Bucket (Pixart-alpha, Open-Sora): This method packages data of different resolutions into buckets, sampling batches from each bucket to ensure same resolution within each batch. It requires minimal code modifications to the model, mainly adjusting the data sampling strategy.

Pad-mask (FiT, our v1.0/v1.1): This method sets a maximum resolution and pads all data to this resolution, generating a corresponding mask. Although the approach is straightforward, it is computationally inefficient.

We believe that current video generation models are still in an exploratory phase. Extensive modifications to model code during this period can incur unnecessary development costs. The pad-mask method, while straightforward, is computationally inefficient and can waste resources in video, which involves dense computations. Ultimately, we chose the bucket strategy, which requires no modifications to the model code. Next, we will explain how our bucket strategy supports arbitrary lengths and resolutions.
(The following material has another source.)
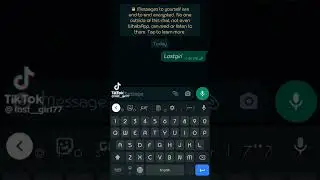 WhatsApp typing tricks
For simplicity, we will use video duration as an example:

We define a megabatch as the total data processed in a single step across all GPUs. A megabatch can be divided into multiple batches, with each batch corresponding to the data processed by a single GPU.

Sort by frame: The first step is to count the number of frames in all video data and sort them. This step aims to group similar data together, with sorting being one method to achieve this.

Group megabatch: Next, all data is divided into groups, each forming a megabatch. Since all data is pre-sorted, most videos within a megabatch have the same number of frames. However, there will always be boundary cases, such as having both 61-frame and 1-frame videos in a single megabatch.

Re-organize megabatch: We re-organize these special megabatches, which actually constitute a small proportion. We randomly replace the minority data in the megabatch with the majority data, thus re-organizing it into a megabatch with same frame counts.

Shuffle megabatch: To ensure data randomness, we shuffle both within each megabatch and between different megabatches.

When supporting dynamic resolutions, we simply replace each sample's frame sequence with (frame × height × width). This method ensures that the data dimension processed by each GPU in every step is the same, preventing situations where GPU1 waits for GPU0 to finish processing a longer video. Moreover, it is entirely decoupled from the model code, serving as a plug-and-play video sampling strategy.

Training stage

Similar to previous work, we use a multi-stage training approach. With the 3D DiT architecture, all parameters can be transferred from images to videos without loss. To explore training costs, all parameters of the diffusion model are trained from scratch. Therefore, we first train an text-to-image model, using the training strategy from Pixart-alpha.

The video model is initialized with weights from a 480p image model. We first train 480p videos with 29 frames. Next, we adapt the weights to 720p resolution, training on approximately 6 million higher-quality (HQ) samples from Panda70M, filtered for aesthetic quality and motion. Finally, we refine the model with a more higher-quality (HQ) subset of 1 million samples. After that, we use a filtered data (collected in v1.1.0) for fine-tuning 93-frame 720p videos. Below is our training card. We release the annotation file here.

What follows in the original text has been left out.